Sehingga dari setiap perubahan UUD 1945 diharapkan tidak merubah secara total isi daripada UUD 1945, “ karena itu, sebagai kompromi, pelaksanann agenda perubahan UUD 1945 diusahakan untuk menghindari penggunaan istilah ‘penggantian’ UUD. Yang disepakati adalah ‘perubahan’ bukan ‘penggantian’ yang berkonotasi total “ ( Prof. Dr. Jimly Asshiddiqie, SH. 2004 : 6 )
Perkembangan-perkembangan ini membawa kita kepada pertanyaan lanjutan, apakah memang perlu kita mempertanyakan hal-hal yang bersifat ideologis pada saat ini? Atau, tidakkah lebih produktif apabila kita mengarahkan seluruh perhatian kita kepada penyelesaian persoalan-persoalan konkret bangsa seperti kemiskinan, ketidaksejahteraan dan ketidakadilan yang meluas di tengah-tengah masya- rakat kita?


BAB III
KESIMPULAN dan SARAN

Pemahaman yang benar akan nilai – nilai yang terkandung didalam pancasila merupakan suatu langkah awal untuk menumbuhkan rasa cinta tanah air di dalam diri warga indonesia, serta mendorong tumbuhnya rasa rela berkorban dan selalu ingin mengabdikan diri kepada bangsa dan Negara.

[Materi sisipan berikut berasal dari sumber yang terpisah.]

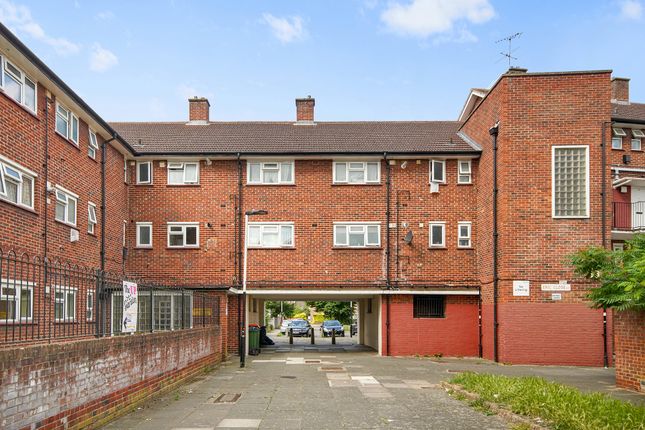 3 bedroom flat for sale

Pendidikan formal mustinya mampu memberikan porsi yang istimewa terhadap mata pelajaran atau mata kuliah yang menyangkut pemahaman nilai – nilai pancasila sehingga diharapkan setiap generasi dapat mengertia akan cita luhur yang terkandung dalam pancasila.
Berangkat dari hal tersebut, maka setiap perumusan suatu produk hukum akan didasari rasa mencintai bangsa yang akan berdampak pada keinginan untuk memberikan sesuatu yang terbaik terhadap bangsa dan Negara, sehingga kebijakan apapun yang menyangkut kepentingan Negara akan ditujukan kepada kesejahteraan warga Negara. akan tetapi yang muncul saat ini adalah berbagai produk hukum maupun kebijakan yang lain seolah – olah hanya mengakomodasikan kepentingan kelompok atau golongan tertentu saja.
Munculnya berbagai konflik yang mengarah kepada konflik agama serta berbagai perbedaan yang ada di Indonesia. Hal tersebut bisa saja disebabkan oleh munculnya bebagai penafsiran serta kurangnya pemahaman akan nilai yang terdapat dalam tiap sila pancasila, akibat dari berbagai pemahaman yang ada memunculkan suatu anggapan bahwa apa yang mereka lakukan adala benar. Dengan keadaan seperti ini pemerintah harus mampu memberiakn suatu ketentuan atau penjelasan baku serta memberi batasan – batasan pengertian mengenai hal tersebut sehingg apabila munculpenafsiran yang keluar dari ketentuan yang baku tersebut maka dapat dilakukan tindakan hukum.